So it was time to get serious; it was time for Sleeping Beauty’s father to track down every last spinning wheel and chop it to bits. The minute Krakower left, I turned to Martina and asked her to put me in touch with the president of the Healing and Ecstasy Association for the Recovery of Toby.

Instead of complying, Martina merely snorted. “Jack, I can’t help feeling you’re riding for a fall.”

“What do you mean?”

“A fall, Jack.”

“Such pessimism. Don’t you know that psychoneuroimmunology is one of the key sciences of our age?”

“Just
look
at him, for Christ’s sake. Look at Toby. He’s living on borrowed time. You know that, don’t you?”

“No, I
don’t
know that.” I cast her a killing glance. “Even if the time
is
borrowed, Martina, that doesn’t mean it won’t be the best time a boy’s ever had.”

She gave me the facts I needed. Anthony Raines, Suite 42, Hotel Paradise.
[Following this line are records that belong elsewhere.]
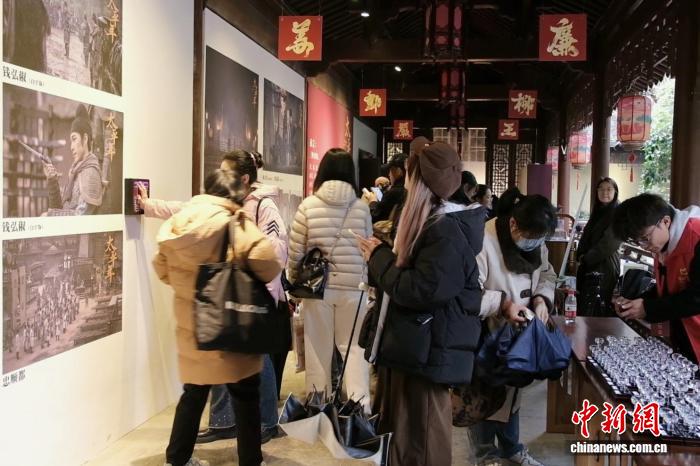 文化观察：杭州钱王祠为何涌进年轻人?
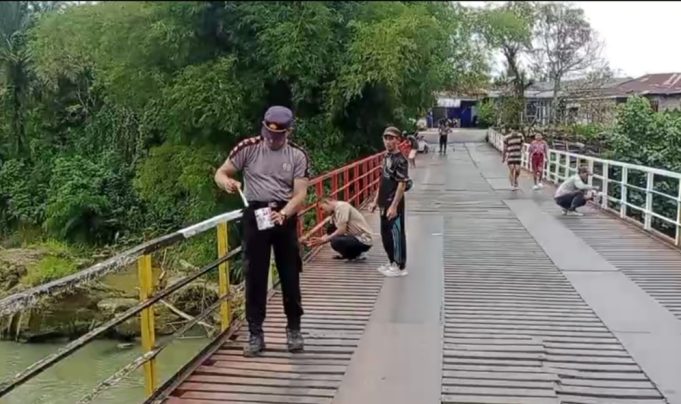 Kapolsek Kotarih Pimpin Langsung Perbaikan Jembatan Penghubung Antar Kabupaten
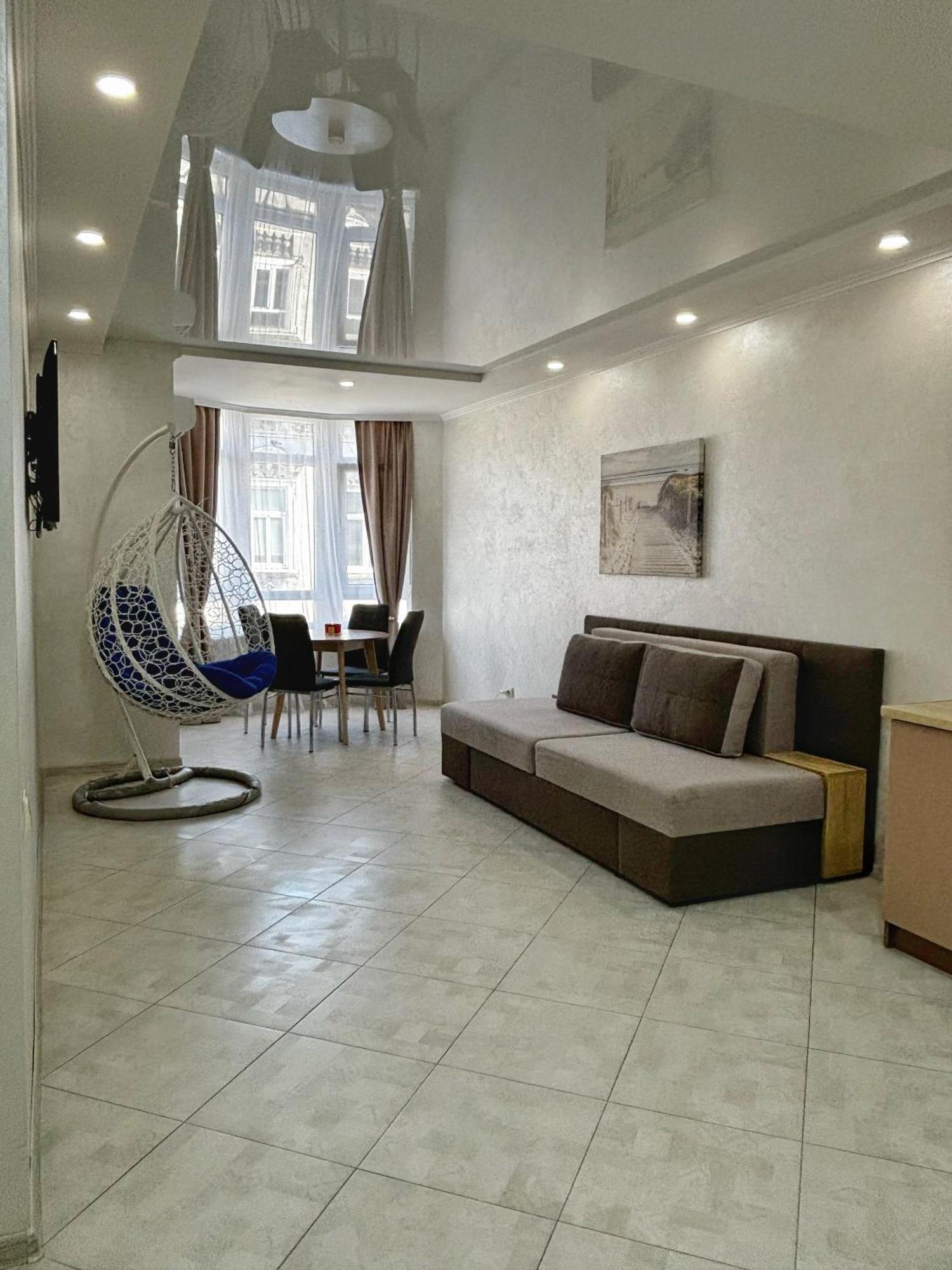 Apartment In Khmelnytsky Street Lviv Exterior photo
I marched up the hill outside the Center for Creative Wellness and placed the call. HEART’s president answered on the first ring.

“Jack Sperry?” he gasped after I identified myself.
“The
Jack Sperry? Really? Goodness, what a coincidence. We’ve been hoping to interview you for
The Toby Times.”

“For the what?”

“Our first issue comes out tomorrow. We’ll be running stories about the fun you and Toby are having down here, his favorite toys and sports, what analgesics and antibiotics he’s taking—all the things our members want to hear about.”

The Toby Times.
I found the idea simultaneously inspiring and distasteful. “Mr. Raines, my son just entered the hospital, and I was hoping—”

“I know—it’s our lead story. A setback, sure, but no reason to give up hope. Listen, Jack—may I call you Jack?—we people of the HEART know you’re on the right track. Once Toby tunes in the cosmic pulse, his energy field will reintegrate, and then he’s home free.”

The more Anthony Raines spoke in his calm, mellow voice, the better I felt—and the sharper my image of him became: a tall, raffish, golden-haired bohemian with bright blue eyes and a drooping, slightly disreputable mustache. “Mr. Raines, I want you to mobilize your forces.”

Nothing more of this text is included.